Why Is Publishing So Sexless?
I don’t have an answer to that question. I’m just curious.
When it comes to anything sexual, in a general sense, the publishing industry has always fallen short. At least compared to the film industry, or even the television industry. Think American Horror Story. Hollywood may have its flaws, but at least it doesn’t ignore sex.
It’s ironic, too, because the biggest book in the last few years was Fifty Shades of Grey…a book about BDSM….sex. Whether you like FSoG or not…and I know a lot don’t, with good reason…it sold and it gave a lot of frigid publishing people bonus checks. Even more ironic, there is far better erotic fiction out there than FSoG and you never hear about it in the mainstream.
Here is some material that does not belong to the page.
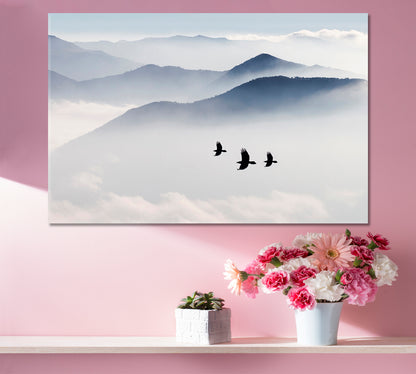 MISTY Mountains Birds Flying Sky Clouds Nature Wall Canvas Print Artesty   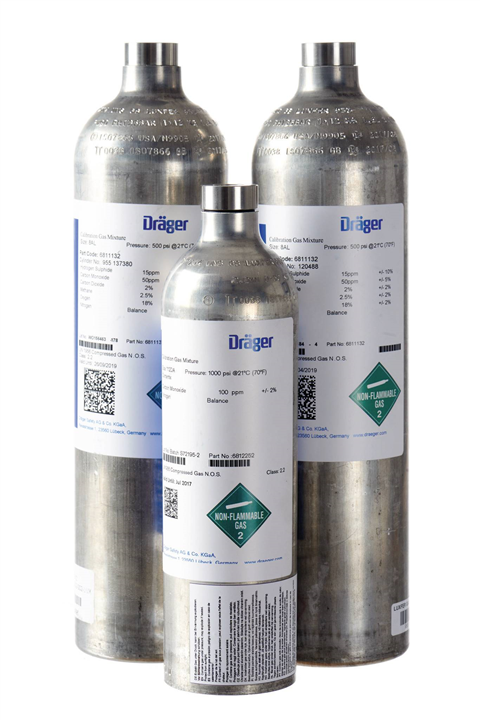 Dräger Prüfgas CH₄/H₂S/CO/CO₂/O₂ in N₂ | 112 Liter, 70 bar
I’ve been following literary agent blogs for a long time. Literary agents are still the gatekeepers for the mainstream and they choose what the mainstream is reading. These literary agent blogs are written by men and women. Rarely do I see a mention of sex, and when I do it’s either an embarrassed whisper or a snarky sarcastic joke, as if she/he just shuddered and crossed her/his legs. And only a handful of agents are brave enough to rep erotica.
The truth is that if you write about sex in publishing, especially in fiction, and the sex is too explicit, you’re not only placed at the bottom of the heap, but you’re also forced to use pen names if you ever hope to write mainstream fiction and be taken seriously. And even THAT is never discussed aloud, not even by the writers who do it. Many of the authors I worked with at one e-publisher were hoping for careers as mainstream fiction writers and they used pen names for the erotica they wrote with the e-publisher because they were far too grand to let anyone know they were writing smut. In some cases, they were gay men who clearly…obviously…didn’t want their real names remotely associated with gay erotica.
And I’m just curious about that. I’m also curious about why no one ever talks about it openly. I don’t have any answers. I’m not drawing any conclusions right now.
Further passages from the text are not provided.